REQUIREMENT -
Please repeat the data exactly, leaving nothing out.

DATA EXTRACTS -
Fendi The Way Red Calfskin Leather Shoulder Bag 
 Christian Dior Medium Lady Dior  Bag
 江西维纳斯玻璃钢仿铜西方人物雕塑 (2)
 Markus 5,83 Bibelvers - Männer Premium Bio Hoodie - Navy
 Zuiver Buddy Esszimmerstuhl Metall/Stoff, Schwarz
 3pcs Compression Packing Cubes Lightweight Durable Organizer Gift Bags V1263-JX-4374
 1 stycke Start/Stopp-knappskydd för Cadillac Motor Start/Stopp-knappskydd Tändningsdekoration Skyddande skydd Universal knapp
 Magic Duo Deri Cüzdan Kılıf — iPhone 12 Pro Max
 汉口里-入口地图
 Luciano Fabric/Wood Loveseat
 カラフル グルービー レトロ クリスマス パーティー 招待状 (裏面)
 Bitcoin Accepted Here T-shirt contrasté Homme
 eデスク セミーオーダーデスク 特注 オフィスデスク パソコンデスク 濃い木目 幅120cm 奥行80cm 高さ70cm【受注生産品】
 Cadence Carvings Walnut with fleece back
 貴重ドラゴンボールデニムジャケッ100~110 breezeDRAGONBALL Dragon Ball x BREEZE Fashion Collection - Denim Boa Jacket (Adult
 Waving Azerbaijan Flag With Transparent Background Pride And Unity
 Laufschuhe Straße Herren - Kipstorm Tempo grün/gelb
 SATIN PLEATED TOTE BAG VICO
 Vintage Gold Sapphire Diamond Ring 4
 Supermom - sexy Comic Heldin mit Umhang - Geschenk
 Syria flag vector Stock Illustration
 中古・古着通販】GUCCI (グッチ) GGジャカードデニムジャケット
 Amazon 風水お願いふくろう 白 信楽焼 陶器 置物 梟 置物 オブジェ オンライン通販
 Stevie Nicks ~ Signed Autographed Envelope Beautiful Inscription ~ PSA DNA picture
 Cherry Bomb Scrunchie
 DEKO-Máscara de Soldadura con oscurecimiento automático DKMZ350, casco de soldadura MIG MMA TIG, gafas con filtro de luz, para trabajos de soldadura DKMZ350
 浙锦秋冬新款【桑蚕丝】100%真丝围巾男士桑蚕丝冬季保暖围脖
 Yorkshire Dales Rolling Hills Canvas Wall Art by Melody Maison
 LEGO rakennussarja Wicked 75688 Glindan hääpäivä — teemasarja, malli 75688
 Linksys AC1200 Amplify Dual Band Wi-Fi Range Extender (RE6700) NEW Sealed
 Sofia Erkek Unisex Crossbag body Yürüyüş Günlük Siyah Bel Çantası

THE ANSWER -
Fendi The Way Red Calfskin Leather Shoulder Bag 
 Christian Dior Medium Lady Dior  Bag
 江西维纳斯玻璃钢仿铜西方人物雕塑 (2)
 Markus 5,83 Bibelvers - Männer Premium Bio Hoodie - Navy
 Zuiver Buddy Esszimmerstuhl Metall/Stoff, Schwarz
 3pcs Compression Packing Cubes Lightweight Durable Organizer Gift Bags V1263-JX-4374
 1 stycke Start/Stopp-knappskydd för Cadillac Motor Start/Stopp-knappskydd Tändningsdekoration Skyddande skydd Universal knapp
 Magic Duo Deri Cüzdan Kılıf — iPhone 12 Pro Max
 汉口里-入口地图
 Luciano Fabric/Wood Loveseat
 カラフル グルービー レトロ クリスマス パーティー 招待状 (裏面)
 Bitcoin Accepted Here T-shirt contrasté Homme
 eデスク セミーオーダーデスク 特注 オフィスデスク パソコンデスク 濃い木目 幅120cm 奥行80cm 高さ70cm【受注生産品】
 Cadence Carvings Walnut with fleece back
 貴重ドラゴンボールデニムジャケッ100~110 breezeDRAGONBALL Dragon Ball x BREEZE Fashion Collection - Denim Boa Jacket (Adult
 Waving Azerbaijan Flag With Transparent Background Pride And Unity
 Laufschuhe Straße Herren - Kipstorm Tempo grün/gelb
 SATIN PLEATED TOTE BAG VICO
 Vintage Gold Sapphire Diamond Ring 4
 Supermom - sexy Comic Heldin mit Umhang - Geschenk
 Syria flag vector Stock Illustration
 中古・古着通販】GUCCI (グッチ) GGジャカードデニムジャケット
 Amazon 風水お願いふくろう 白 信楽焼 陶器 置物 梟 置物 オブジェ オンライン通販
 Stevie Nicks ~ Signed Autographed Envelope Beautiful Inscription ~ PSA DNA picture
 Cherry Bomb Scrunchie
 DEKO-Máscara de Soldadura con oscurecimiento automático DKMZ350, casco de soldadura MIG MMA TIG, gafas con filtro de luz, para trabajos de soldadura DKMZ350
 浙锦秋冬新款【桑蚕丝】100%真丝围巾男士桑蚕丝冬季保暖围脖
 Yorkshire Dales Rolling Hills Canvas Wall Art by Melody Maison
 LEGO rakennussarja Wicked 75688 Glindan hääpäivä — teemasarja, malli 75688
 Linksys AC1200 Amplify Dual Band Wi-Fi Range Extender (RE6700) NEW Sealed
 Sofia Erkek Unisex Crossbag body Yürüyüş Günlük Siyah Bel Çantası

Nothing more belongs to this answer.